# New 335D



## gsglag (Oct 20, 2011)

I purchased a 2011 335d in February 2012. I've installed a Sprint Booster and the Burger Upgrade. Both are nice mods although I've not yet run the Burger at 100%. Has anyone found a good air intake for the 335d. I'd prefer a dry cone filter versus the K&N.

Thanks


----------



## floydarogers (Oct 11, 2010)

I wasn't aware that they make a Sprint Booster for the diesel. It's useless in any case.

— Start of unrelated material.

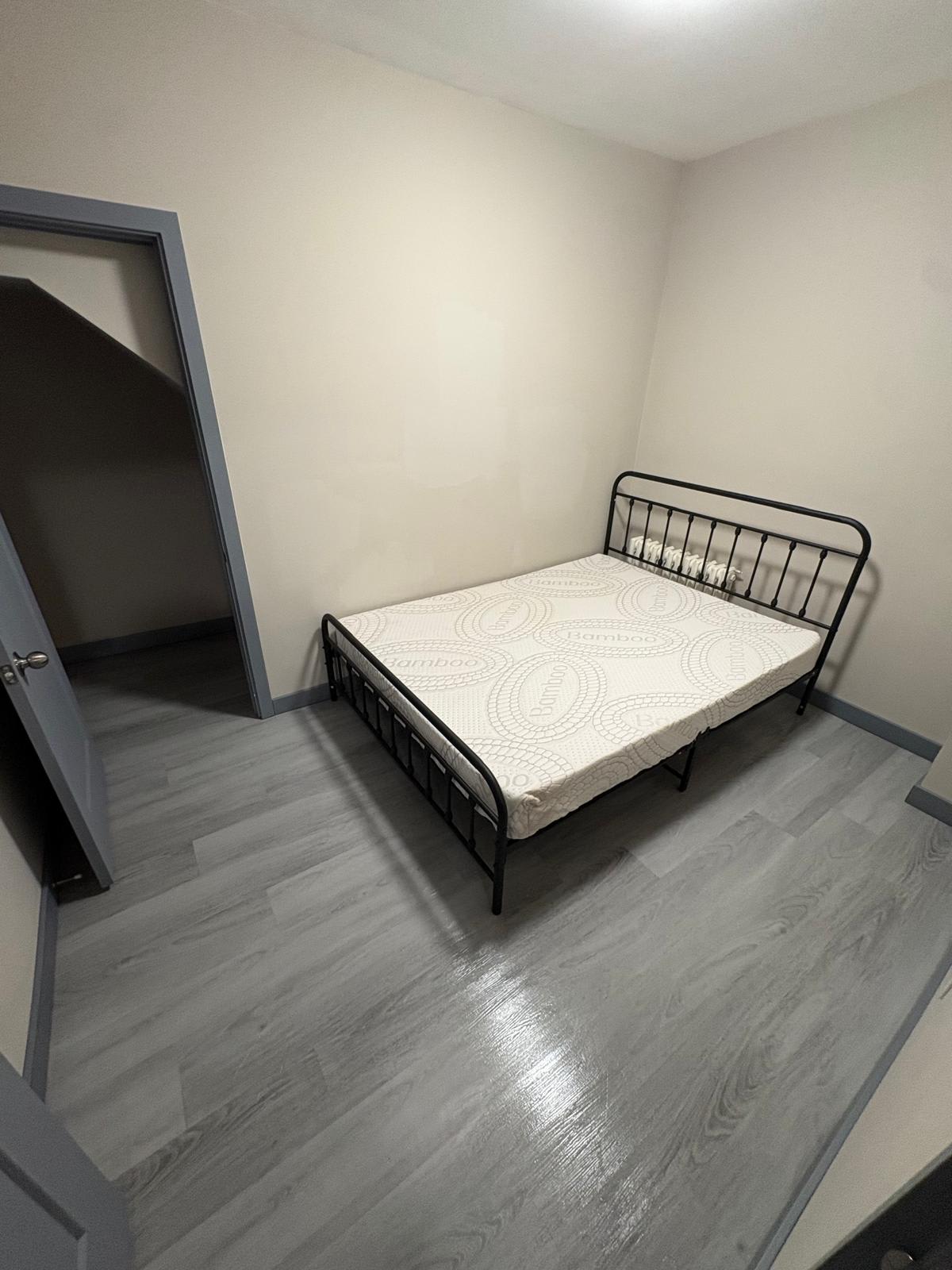 #40.2 St. Catharines 1-bedroom Hotel-Apartment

In general, after-market filters are useless for any real HP gain. The OEM intake is cold-air, and the OEM filter is better at filtering stuff than aftermarket filters. You really need a larger intercooler if you want more airflow.


----------



## gsglag (Oct 20, 2011)

I would disagree on the Sprint Booster. I know of three bmw's including my 335d that experience pedal lag (press the pedal and there's a delay response before you move). I installed one on my Audi S4 and this 335d and it makes all the difference. I've had K&N filters on all my cars and am looking for something other than a drop in for my 335d. HP gain is not the only benefit to the filter - again engine response improves with the filter.


----------



## Axel61 (Mar 10, 2011)

@gsglag I didnt know Sprint Booster had one for the "D" wow, I heard they're awesome!!! As far as concern NO way Jose with K&N had bad experience on my 02 MCS the oil messed up my Mass Air Sensor I installed an AMSOIL Microfiber Cone filter and NEVER had problems!!! I installed the EaAU 4070 which is the smallest one to fit our "D" because of its size but it was to long its 7" long and we need a 6" or less, I tell you the car ran very smooth and you could hear and feel the rumble but, had to take it out since our engine are kind of sealed out to prevent noise claterring form the DIESEL and felt it was breathing more hot air than anything. send me a PM and I will send txt message to your phone with the photos ok!! BTW give the part number where when and how much the booster cost you plus a detailed install of it , Sorry amigo this is the way we roll here!! LOL


----------